Rheumatoid arthritis

Of 32 studies on RA, eight were RCTs (Table 1), of which 4 focused on adalimumab exclusively. Studies varied considerably in eligibility criteria, discontinuation approaches, and outcomes.

Table 1 Adult rheumatoid arthritis randomized controlled trial literature evaluating Adalimumab discontinuation, flare rates, recapture method and success rates
Full size table

All RCTs required adalimumab dosing every other week before discontinuation, and 7/8 studies reported 50–100% concomitant csDMARD use. The minimum remission duration before RCT entry was variable (3–12 months, typically ≥ 6 months). Typically, disease flare was defined by disease activity score 28 (DAS28) ≥ 2.6 or delta-DAS28 ≥ 1.2, and well-controlled disease was defined as DAS28 < 2.6 in 16 studies and < 3.2 in 6 studies. The remainder used variable definitions for well-controlled disease. RA Boolean criteria for inactive disease [19] were used in three RA RCTs (Table 1). Patient reported outcomes, definition of clinically inactive disease (CID) and factors associated with successful medication discontinuation are reported in Table 1.

The flare rates after adalimumab discontinuation was variable between the studies depending on the population, discontinuation approach, and concomitant therapies (Table 1).
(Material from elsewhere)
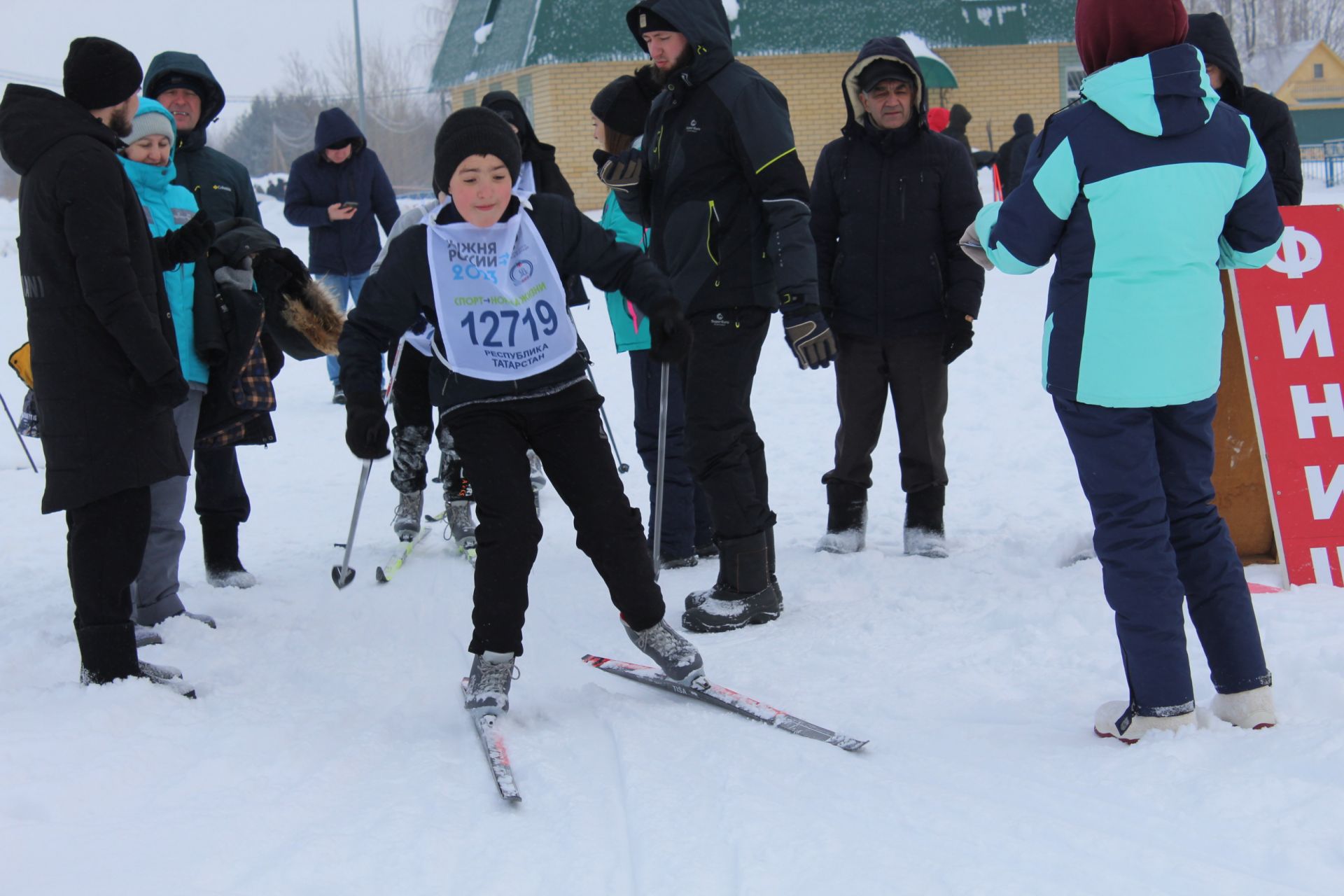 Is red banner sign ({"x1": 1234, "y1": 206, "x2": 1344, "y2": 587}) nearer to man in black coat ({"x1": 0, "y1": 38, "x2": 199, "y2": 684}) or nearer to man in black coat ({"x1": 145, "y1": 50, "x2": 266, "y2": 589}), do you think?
man in black coat ({"x1": 0, "y1": 38, "x2": 199, "y2": 684})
The 2020 PREDICTRA RCT [20] demonstrated higher flare rates by week 40 with abrupt stop of adalimumab, 45% (9/20) versus 36% (37/102) with tapering. Additionally, there was no association between adalimumab drug levels and the ability to maintain remission after tapering or abrupt stopping. The 2014 OPTIMA trial [21], which evaluated patients with early RA who achieved controlled disease for 12 months then withdrew adalimumab abruptly, reported flare rate (DAS28 > 2.6) with abrupt stop of 33% (34/101), compared to the continuation arm of 14% (15/105). LDA (DAS28 < 3.2) was maintained in 82% (82/101) of the adalimumab withdrawal arm versus 91% (96/105) in the continuation arm.

The 2016 ADMIRE RCT [22] reported differences in flare occurrence after discontinuation in patients in remission (DAS28 < 2.6) for at least 3 months, with 87% (13/15) flaring after abrupt stop versus 19% (3/16) of continuation subjects flaring, by 52 weeks. Notably, this trial had low enrollment, with only 33 of 237 eligible patients (14%) agreeing to participate, and shorter duration of inactive disease on medications prior to enrollment.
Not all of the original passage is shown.